No entanto, independentemente do estatuto dos imigrantes, ao chegar no país, estas populações encontram-se em situação de extrema vulnerabilidade, já que muito além de não conhecer o idioma, lugar e cultura locais, desconhecem quase sempre seus direitos. Nesse contexto, além de se encontrar quase sempre em situação de extrema precariedade por falta de trabalho, moradia, acesso à educação e saúde, ficam expostas a todo tipo de exploração, principalmente sexual, do trabalho e o tráfico de pessoas. O trabalho análogo ao de escravo, que já faz milhares de vítimas entre a população brasileira, se aproveitando facilmente da população migrante fragilizada, explicou o presidente da Comissão Estadual de Erradicação do Trabalho Escravo – Coetrae, Inácio Werner. Nesse contexto, é imprescindível a mobilização e articulação da sociedade civil organizada para o acolhimento solidário das populações migrantes, a conscientização da população brasileira e, principalmente, para cobrar do Estado a implantação de Políticas Públicas de Migração adequadas e transparentes. Essa construção tem que ser feita com a participação e o controle popular, buscando fomentar marcos legais que garantam acolhimento, espaço de refúgio, trabalho, educação, saúde e bem-viver das populações.
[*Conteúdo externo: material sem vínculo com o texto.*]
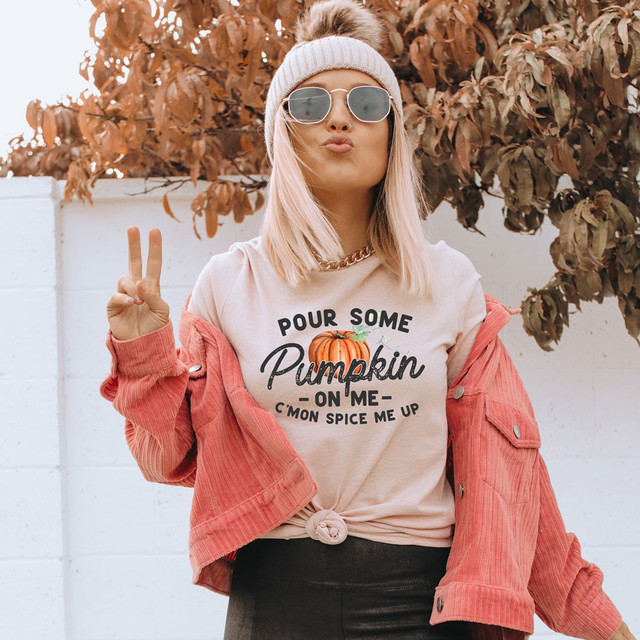 Pour Some Pumpkin On Me C'Mon Spice Me Up DTF Heat Transfer, a woman wearing sunglasses, a beanie, a graphic t-shirt, and a pink jacket, holding up a peace sign outdoors with autumnal leaves in the background.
Por outro lado, os palestrantes alertaram também sobre o contexto pelo qual o país está passando. A retirada constante dos direitos e o crescimento do fascismo permite prever grandes dificuldades no desenvolvimento e implantação de políticas públicas, além do aumento da vulnerabilidade e intolerância, começando pelas populações migrantes e inclusive migrantes brasileiras (povos indígenas, campesinos, ciganos, sem-terra, etc.). Finalmente, os participantes do Seminário, que além da participação da sociedade civil e de populações migrantes, contou também com a presença de representantes de órgãos públicos (Ministério do Trabalho, a Polícia Federal, a Secretaria de Estado de Segurança Pública, a Secretaria de Estado de Educação, etc.), elaboraram a Carta de Migração de Mato Grosso, cujo objetivo é demandar e orientar a construção de Políticas Públicas adequadas ao redor de quatro eixos principais. O primeiro eixo é o de Políticas Públicas Migratórias adequadas, considerando as questões de acolhimento, saúde, trabalho, educação e moradia. O segundo eixo, de Políticas Públicas Educativas, procura garantir a integração e inclusão na cultura brasileira, começando pela aprendizagem do idioma, mas respeitando sempre a interculturalidade. O terceiro eixo trata de Políticas Públicas de Saúde para todas e todos e o quarto eixo aborda Políticas Públicas de Direitos Humanos, que além de todos os aspectos já citados, precisa considerar relações de gênero, direitos das crianças e adolescentes, idosos, pessoas com deficiência e todos os grupos em situação de vulnerabilidade.